Specific comment. Phetland asked who I'm referring to when I speak of "Paris school" and "postmodernist cults": the above is a sample.

He then asks, reasonably, why I am "dismissive" of it. Take, say, Derrida. Let me begin by saying that I dislike making the kind of comments that follow without providing evidence, but I doubt that participants want a close analysis of de Saussure, say, in this forum, and I know that I'm not going to undertake it. I wouldn't say this if I hadn't been explicitly asked for my opinion --- and if asked to back it up, I'm going to respond that I don't think it merits the time to do so.

So take Derrida, one of the grand old men. I thought I ought to at least be able to understand his Grammatology, so tried to read it. I could make out some of it, for example, the critical analysis of classical texts that I knew very well and had written about years before. I found the scholarship appalling, based on pathetic misreading; and the argument, such as it was, failed to come close to the kinds of standards I've been familiar with since virtually childhood. Well, maybe I missed something: could be, but suspicions remain, as noted. Again, sorry to make unsupported comments, but I was asked, and therefore am answering.

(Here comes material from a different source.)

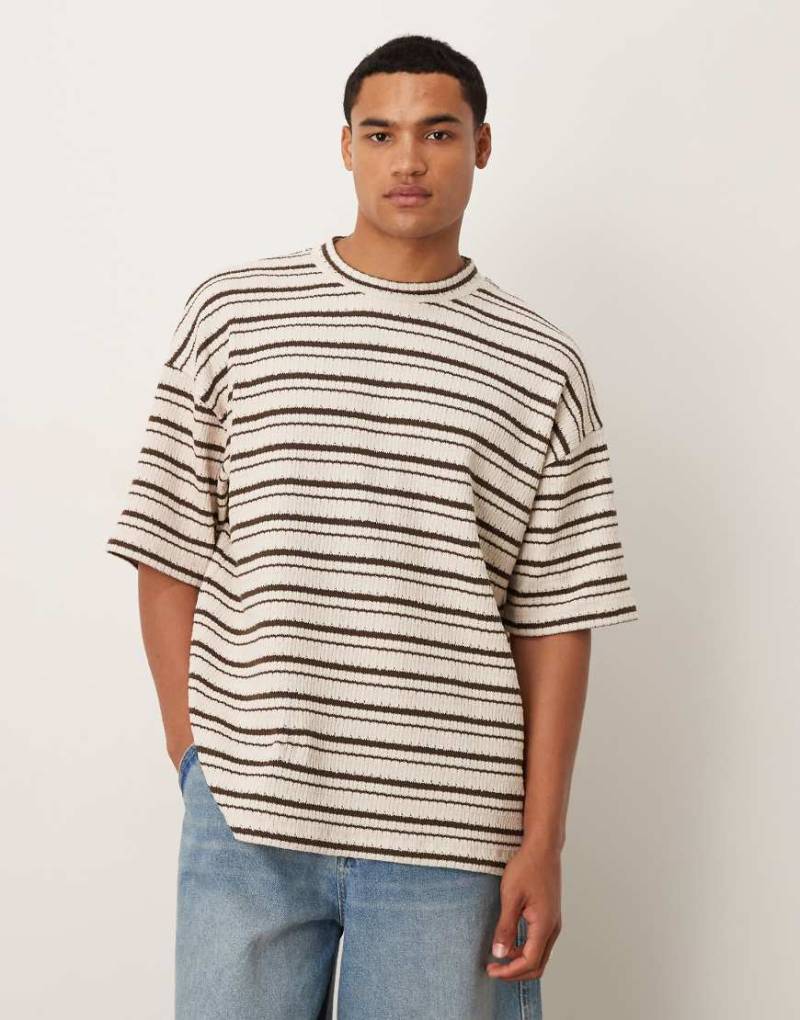 ASOS DESIGN - Schweres Oversize-T-Shirt mit Strukturstreifen in Braun und Creme-Bunt von ASOS DESIGN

Some of the people in these cults (which is what they look like to me) I've met: Foucault (we even have a several-hour discussion, which is in print, and spent quite a few hours in very pleasant conversation, on real issues, and using language that was perfectly comprehensible --- he speaking French, me English); Lacan (who I met several times and considered an amusing and perfectly self-conscious charlatan, though his earlier work, pre-cult, was sensible and I've discussed it in print); Kristeva (who I met only briefly during the period when she was a fervent Maoist); and others. Many of them I haven't met, because I am very remote from from these circles, by choice, preferring quite different and far broader ones --- the kinds where I give talks, have interviews, take part in activities, write dozens of long letters every week, etc. I've dipped into what they write out of curiosity, but not very far, for reasons already mentioned: what I find is extremely pretentious, but on examination, a lot of it is simply illiterate, based on extraordinary misreading of texts that I know well (sometimes, that I have written), argument that is appalling in its casual lack of elementary self-criticism, lots of statements that are trivial (though dressed up in complicated verbiage) or false; and a good deal of plain gibberish. When I proceed as I do in other areas where I do not understand, I run into the problems mentioned in connection with (1) and (2) above. So that's who I'm referring to, and why I don't proceed very far. I can list a lot more names if it's not obvious.

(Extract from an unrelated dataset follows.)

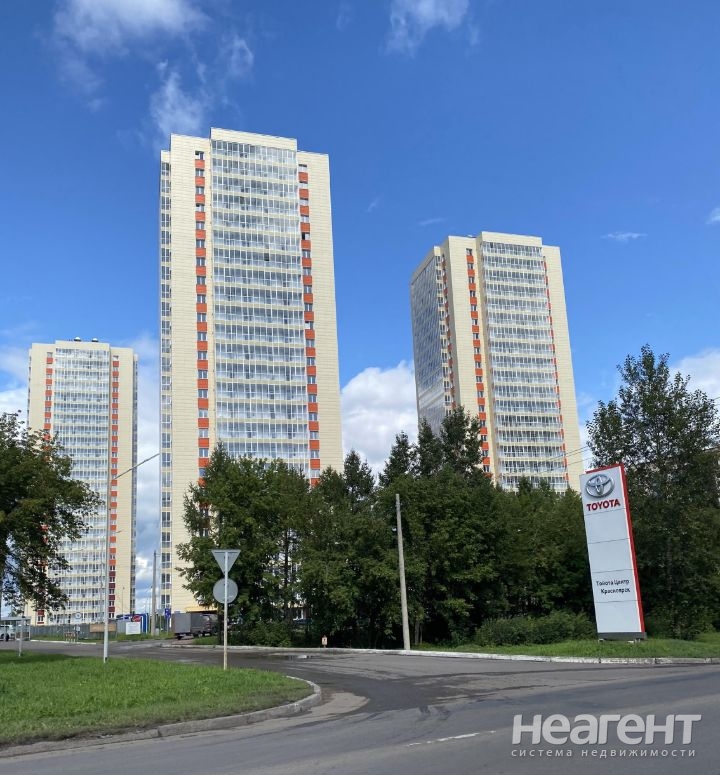 Продается 1-комнатная квартира, 48 м²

For those interested in a literary depiction that reflects pretty much the same perceptions (but from the inside), I'd suggest David Lodge. Pretty much on target, as far as I can judge.

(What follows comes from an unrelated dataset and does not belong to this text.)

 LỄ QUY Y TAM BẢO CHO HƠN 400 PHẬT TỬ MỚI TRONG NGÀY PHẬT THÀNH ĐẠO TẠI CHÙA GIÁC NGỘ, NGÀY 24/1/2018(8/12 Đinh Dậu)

Phetland also found it "particularly puzzling" that I am so "curtly dismissive" of these intellectual circles while I spend a lot of time "exposing the posturing and obfuscation of the New York Times." So "why not give these guys the same treatment." Fair question. There are also simple answers. What appears in the work I do address (NYT, journals of opinion, much of scholarship, etc.) is simply written in intelligible prose and has a great impact on the world, establishing the doctrinal framework within which thought and expression are supposed to be contained, and largely are, in successful doctrinal systems such as ours. That has a huge impact on what happens to suffering people throughout the world, the ones who concern me, as distinct from those who live in the world that Lodge depicts (accurately, I think). So this work should be dealt with seriously, at least if one cares about ordinary people and their problems. The work to which Phetland refers has none of these characteristics, as far as I'm aware. It certainly has none of the impact, since it is addressed only to other intellectuals in the same circles. Furthermore, there is no effort that I am aware of to make it intelligible to the great mass of the population (say, to the people I'm constantly speaking to, meeting with, and writing letters to, and have in mind when I write, and who seem to understand what I say without any particular difficulty, though they generally seem to have the same cognitive disability I do when facing the postmodern cults). And I'm also aware of no effort to show how it applies to anything in the world in the sense I mentioned earlier: grounding conclusions that weren't already obvious. Since I don't happen to be much interested in the ways that intellectuals inflate their reputations, gain privilege and prestige, and disengage themselves from actual participation in popular struggle, I don't spend any time on it.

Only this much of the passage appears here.